Today is the Tuesday of End of Codes. I am also taking time out here from working hard on my PPP to have a moment to reflect on what’s been going on for the past few days inside my head.
Lots, really. Lots and lots.
-The PPP, number one.
-I passed my (theory) driving test yesterday (wooo!)
-Books. I miss books.
-There are so many things I need to read.
-So many reasons why I need to write.
-I enjoy being back into punk-rock-esk stuff.
-Why my iPod sometimes goes screwy.
-I’m actually afraid that I will fail the IB.
-I’m so aware, so conscious, of other people’s opinions of me.
-I need everyone to like me.
-I need to please everyone. Doesn’t matter who.
But perhaps we should go into a couple of these in more detail. Some (the last two mainly) are to do with complexes. Others (PPP and failing the IB) are just me freaking out a little bit, they’re the ones I can deal with.

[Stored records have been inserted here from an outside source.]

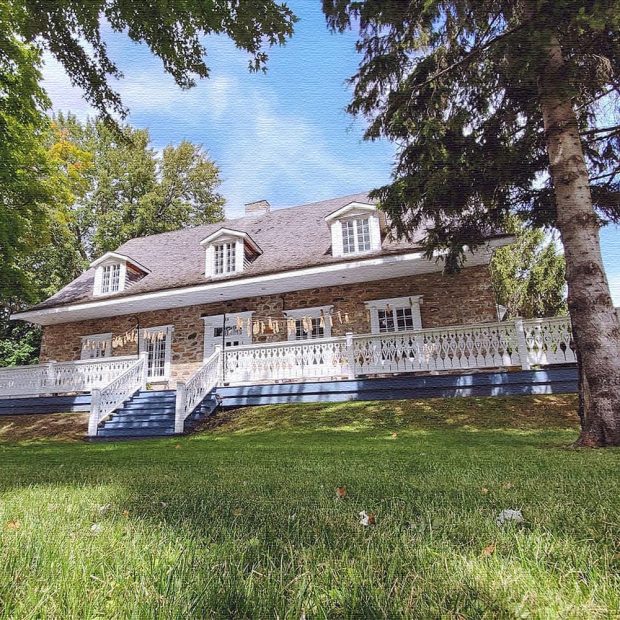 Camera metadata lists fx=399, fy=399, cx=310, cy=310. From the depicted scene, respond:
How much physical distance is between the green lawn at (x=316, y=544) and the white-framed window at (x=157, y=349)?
41.2ft

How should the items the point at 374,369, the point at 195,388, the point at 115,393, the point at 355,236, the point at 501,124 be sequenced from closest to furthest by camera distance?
the point at 501,124
the point at 195,388
the point at 374,369
the point at 115,393
the point at 355,236

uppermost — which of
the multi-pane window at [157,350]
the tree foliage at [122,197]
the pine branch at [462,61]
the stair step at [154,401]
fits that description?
the tree foliage at [122,197]

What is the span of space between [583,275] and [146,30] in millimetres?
7002

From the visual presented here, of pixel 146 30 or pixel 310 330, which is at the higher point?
pixel 146 30

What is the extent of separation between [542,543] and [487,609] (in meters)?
0.58

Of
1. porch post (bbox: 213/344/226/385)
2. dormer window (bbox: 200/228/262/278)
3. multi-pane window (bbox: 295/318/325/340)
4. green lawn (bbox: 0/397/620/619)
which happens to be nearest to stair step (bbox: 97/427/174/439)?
porch post (bbox: 213/344/226/385)

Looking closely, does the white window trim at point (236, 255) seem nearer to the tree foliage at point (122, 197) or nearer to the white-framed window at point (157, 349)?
the white-framed window at point (157, 349)

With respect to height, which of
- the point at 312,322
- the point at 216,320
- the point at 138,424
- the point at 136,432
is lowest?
the point at 136,432

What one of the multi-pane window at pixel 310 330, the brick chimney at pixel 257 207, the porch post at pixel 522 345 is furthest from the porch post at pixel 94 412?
the brick chimney at pixel 257 207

Starting from yesterday, then. I had a pretty average day at school, then went to Cardiff. Several things happened there. I passed my driving theory test, and ate Wok to Walk for the first time. But it was also the first time that I’d been in the city – any city – by myself since I lived in Singapore. I never realised I missed it.

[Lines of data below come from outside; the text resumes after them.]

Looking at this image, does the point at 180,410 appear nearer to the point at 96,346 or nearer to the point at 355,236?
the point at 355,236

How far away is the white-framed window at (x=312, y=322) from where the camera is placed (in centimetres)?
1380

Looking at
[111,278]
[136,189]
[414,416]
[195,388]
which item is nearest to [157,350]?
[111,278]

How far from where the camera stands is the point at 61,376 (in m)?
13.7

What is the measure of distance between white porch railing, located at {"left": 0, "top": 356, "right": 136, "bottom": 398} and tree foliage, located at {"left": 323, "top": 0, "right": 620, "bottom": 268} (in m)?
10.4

I’m so comfortable with my own company, and there was a sense of nostalgia that I got walking through Cardiff city centre on my own, listening to music and watching people, that was so powerful it really made me think.
I just went into Waterstones, like I used to go into Borders, and browsed. I miss the easy silence of book shops – the way that no one cares about you there, because we’re all searching for a story, an escape, an idea or some knowledge, that only we can find. It absorbs me; seriously, if I walk into a book shop, I’m lost to whoever I’m with at the time. It’s like I’m in a trance, just me and the books on the shelves. And the smell – OH, what a fantastic smell books have.

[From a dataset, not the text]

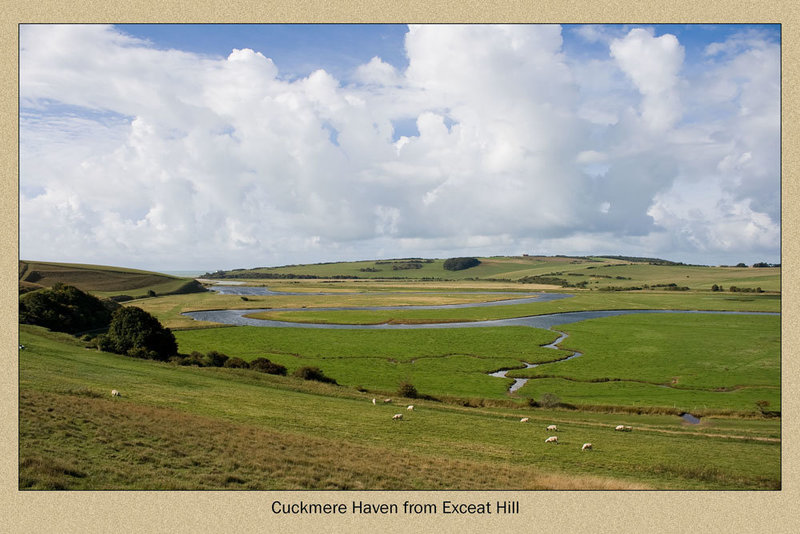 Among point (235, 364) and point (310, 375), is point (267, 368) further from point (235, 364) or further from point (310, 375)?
point (310, 375)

I walked around a little bit more, but didn’t have much time. The arcades were interesting, and there were so many people for me to watch. Everywhere. I know humans are essentially pack animals, but sometimes I think a lot of us take it over the top. When we can’t stand to be alone. I used to love being alone. I used to love who I was. But coming back to the UK changed that, I think. I stopped being able to get public transport. I stopped being comfortable with myself because I wasn’t comfortable with my environment. It isn’t a lie when I tell people I used to walk around at lunch time at my own – God, I can empathise with Cady from Mean Girls, I was almost eating lunch in the bathroom. It wasn’t like that in Singapore. I thrived on my own – I was writing stories, swimming, taking public transport everywhere, going into town by myself just to be by myself. Yeah, sure, at first it was a bit nerve-wracking because I didn’t know where I would be, but I always found my way.
The difference is, most of the time now, I feel lost. Lost in the middle of a crowd.
And the anxieties I felt as a kid, 3rd-4th-5th-6th grade, they’re all here again.
For instance, when Staple was harsh last night I reacted so badly. I didn’t want him angry with me even though I knew that he was just being a dick and that really I hadn’t done anything wrong. But I know if I see him at any point now I’ll feel like a worm is crawling up through my heart. It’s a horrible feeling. It’s a similar heart-clenching that I get when ever I feel like I’ve done something wrong or made someone sad -and I know it’s completely irrational. Today. Lopez – I had a wonderful chat with her, nothing was wrong, and then I said that I “better go” because I had to come and do some work. Just at that moment, Red Jacket came over to talk to me, so we walked away together. I forgot to say bye to Lopez. Just that. Forgot to turn around and acknowledge her, acknowledge I was leaving her.
I feel awful about it. Obviously I don’t think she really cares – when I eventually looked back she’d put her sunglasses back on and was continuing to read (as she had done when I came over), and Red Jacket didn’t seem to think we’d done anything wrong. But just that simple lack of courtesy I showed - just that forgetful moment (that if someone had done to me, I wouldn’t really be bothered about)… I feel like she was saddened. Like I did something wrong, and that our level of friendship went down a click. I ignored her. But didn’t. But I don’t know if she was waiting for me, the ‘cya’ on her lips. To be fair, probably not. But it still ties me up in knots.
Stupid, really.
I probably just think about things. Way, way too much.